Extracted data entries

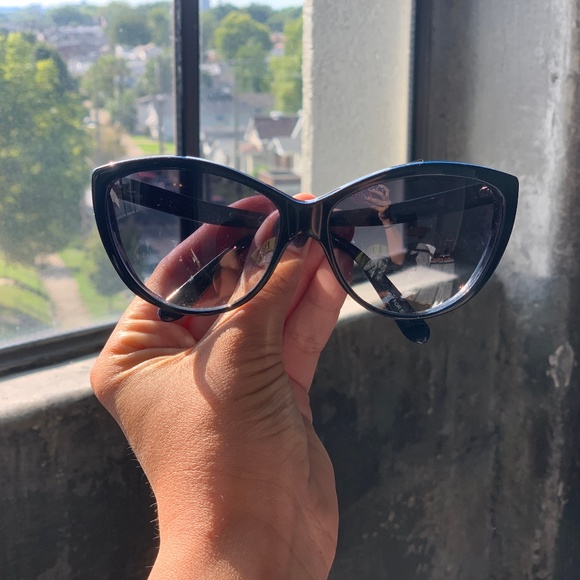 Navy Blue Alexander McQueen Sunglasses - Picture 1 of 4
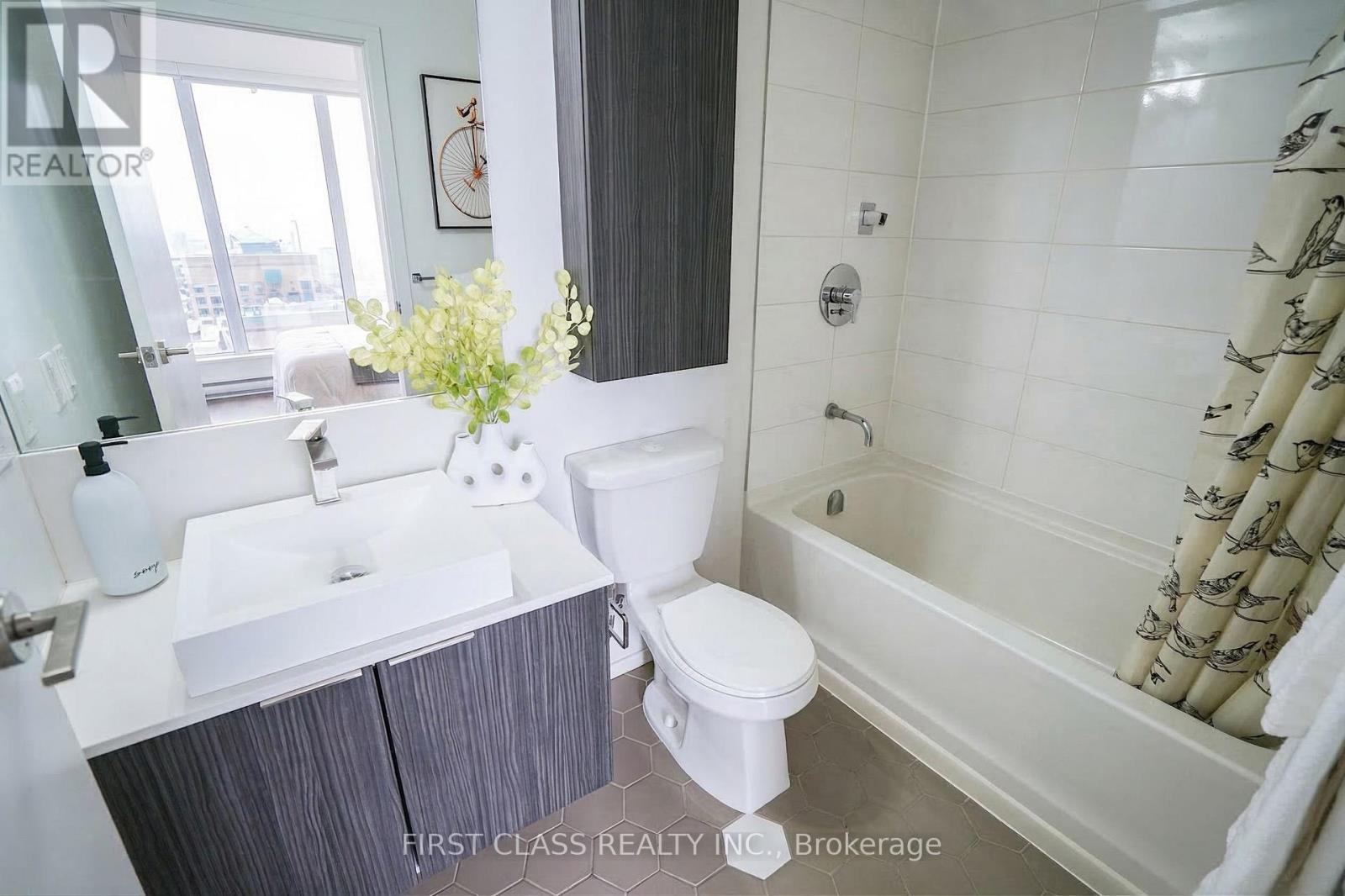 #2010 68 SHUTER STREET - 10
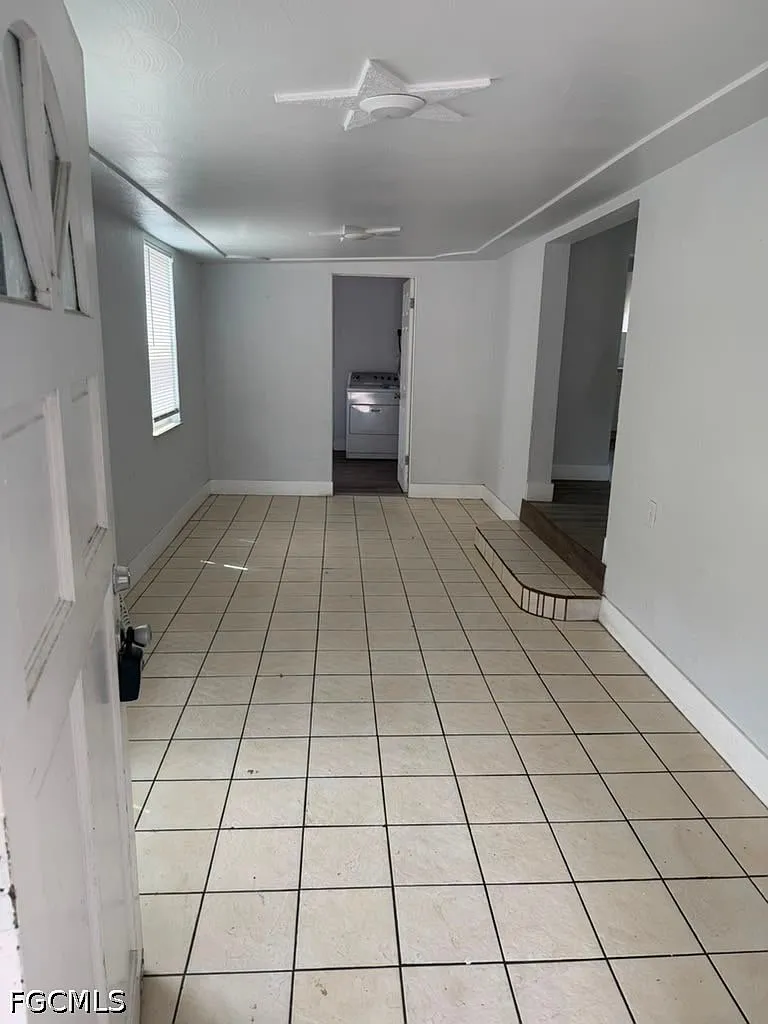 3 bed, 2.0 bath, 1054 sqft, $1,800 — Photo 2
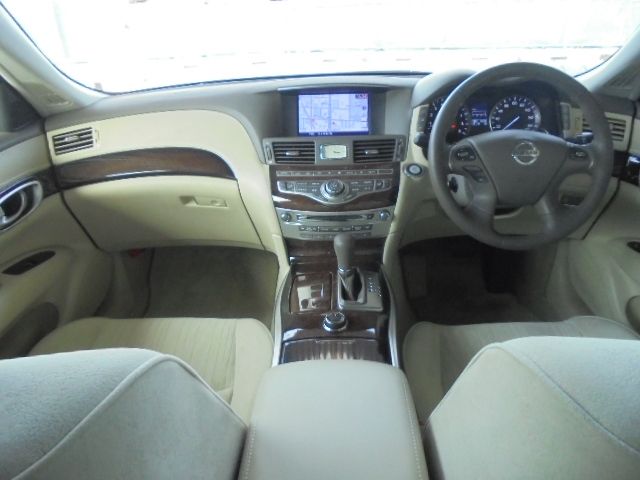 Nissan FUGA 2012-03 753-12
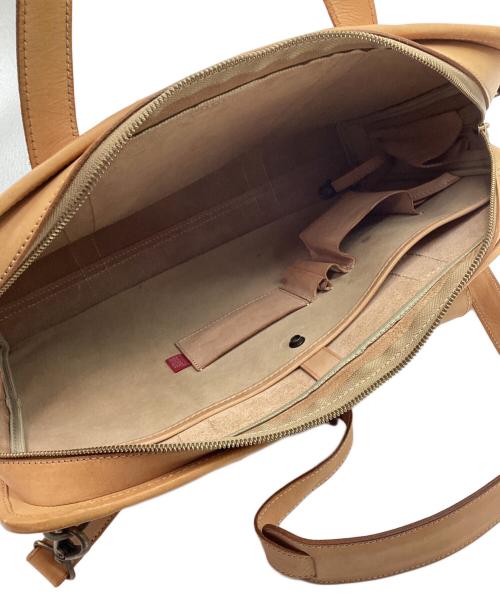 BREE（ブリー）BREE (ブリー) 2WAYショルダーバッグ キャメルの古着・服飾アイテム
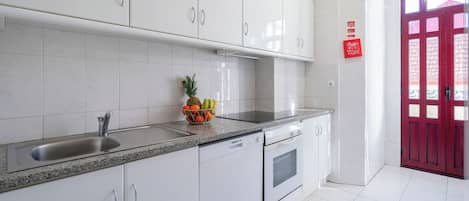 Refrigerador, microondas, parrilla de estufa y cafetera y tetera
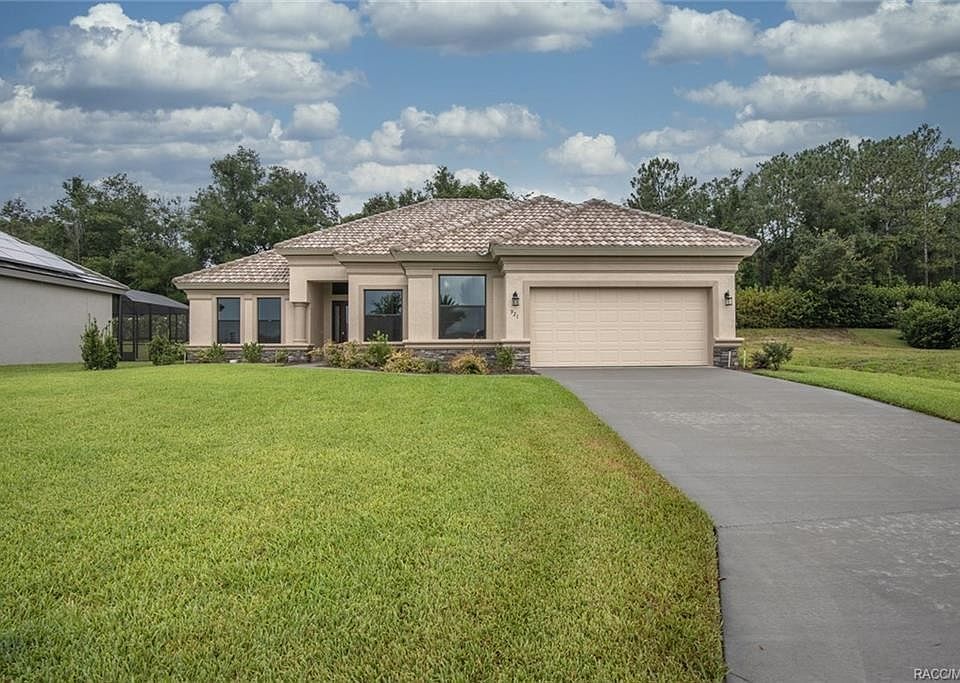 1st image of 921 N Hunt Club Dr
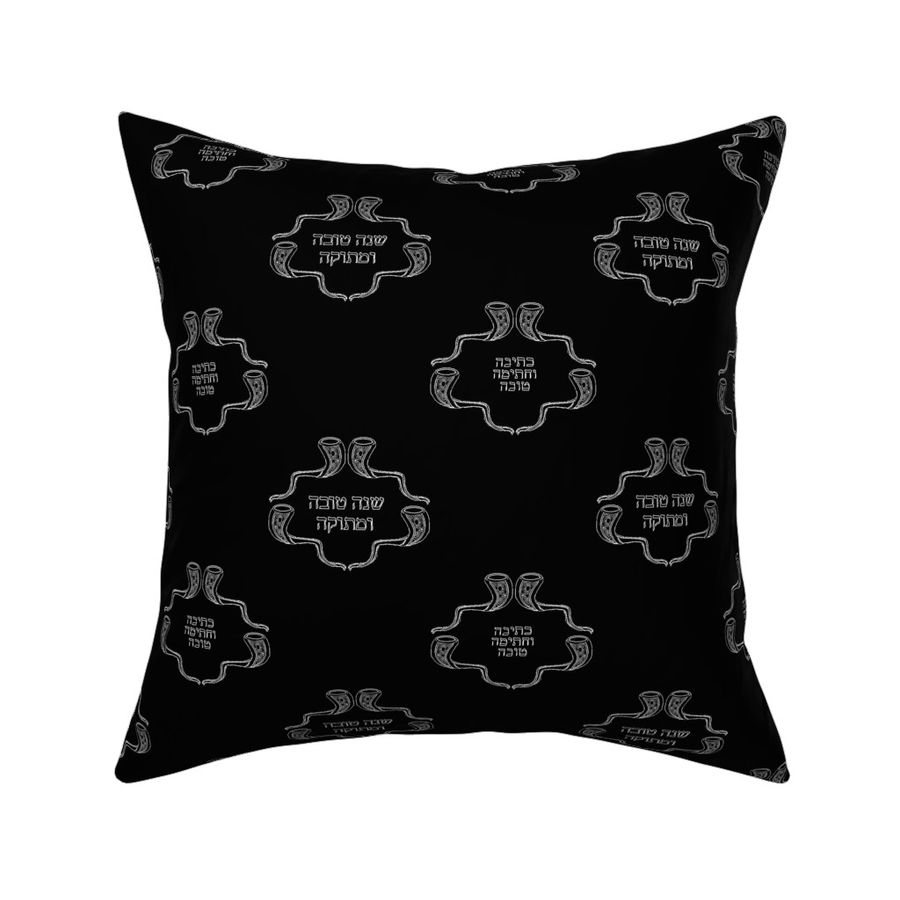 HOME_GOOD_SQUARE_THROW_PILLOW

**WHAT YOU HAVE TO DO**
Begin at the first line of the records and please reproduce every line exactly through the one containing "Refrigerador, microondas, parrilla", leaving all pictures out.

**RESULT OF THE EXERCISE**
 Navy Blue Alexander McQueen Sunglasses - Picture 1 of 4
 #2010 68 SHUTER STREET - 10
 3 bed, 2.0 bath, 1054 sqft, $1,800 — Photo 2
 Nissan FUGA 2012-03 753-12
 BREE（ブリー）BREE (ブリー) 2WAYショルダーバッグ キャメルの古着・服飾アイテム
 Refrigerador, microondas, parrilla de estufa y cafetera y tetera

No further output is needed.